The author goes on to point out that by setting the bar lower for the standards of civilization that other antisocial behavior is encouraged. He feels that "a decline in convictions is not necessarily the same as a decline in criminal acts." Even addicts on methadone continue to commit crimes at a high rate even though they no longer need vast sums to feed their habit. In addition
Those psychologically unstable persons currently taking drugs would continue to do so, with the necessity to commit crimes removed, while psychologically stabler people (such as you and I and our children) would not be enticed to take drugs by their new legal status and cheapness. But price and availability, I need hardly say, exert a profound effect on consumption: the cheaper alcohol becomes, for example, the more of it is consumed, at least within quite wide limits.
[...]
it is often claimed that prison does not work because many prisoners are recidivists who, by definition, failed to be deterred from further wrongdoing by their last prison sentence. But does any sensible person believe that the abolition of prisons in their entirety would not reduce the numbers of the law-abiding? The murder rate in New York and the rate of drunken driving in Britain have not been reduced by a sudden upsurge in the love of humanity, but by the effective threat of punishment.

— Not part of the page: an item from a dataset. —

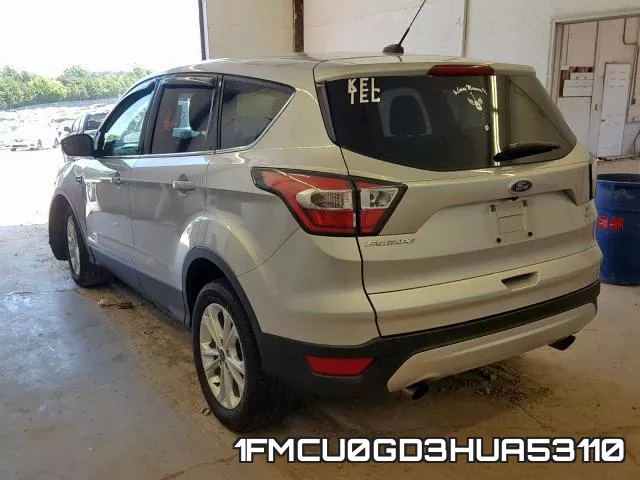 1FMCU0GD3HUA53110 фото 3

An institution such as prison can work for society even if it does not work for an individual.

[... finally ...]

Analogies with the Prohibition era, often drawn by those who would legalize drugs, are false and inexact: it is one thing to attempt to ban a substance that has been in customary use for centuries by at least nine-tenths of the adult population, and quite another to retain a ban on substances that are still not in customary use, in an attempt to ensure that they never do become customary. Surely we have already slid down enough slippery slopes in the last 30 years without looking for more such slopes to slide down.
So there it is. We agree that ultimately legalizing drugs would do more harm than good. But what of the real and fictional folks who call those Baltimore row houses home? The ones in the story now have to see the vile army of occupation of drug dealers and addicts return while the real people of the inner city never got a break at all.

Overall crime levels have declined drastically nationwide in the past decade but for whatever reason Baltimore continued to experience a bloody business as usual. More prisons and a 'broken windows' approach to police work have helped as well as the simple attrition of the violent and drug using population of the New Jack 80s and 90s. Arguably economic and other social changes were the most potent. Either way no great moments of civic compromise await us in declaring this particular kind of crime alright.

The human toll of the drug wars as seen in this series is awful. In the three years so far almost forty young men died at the hands of their own or were imprisoned by the efforts of police in the service of the Barksdale-Bell drug cartel alone. In the end that cartel falls and another rises and the circles of hell reach back out to take in the neighborhoods of Baltimore.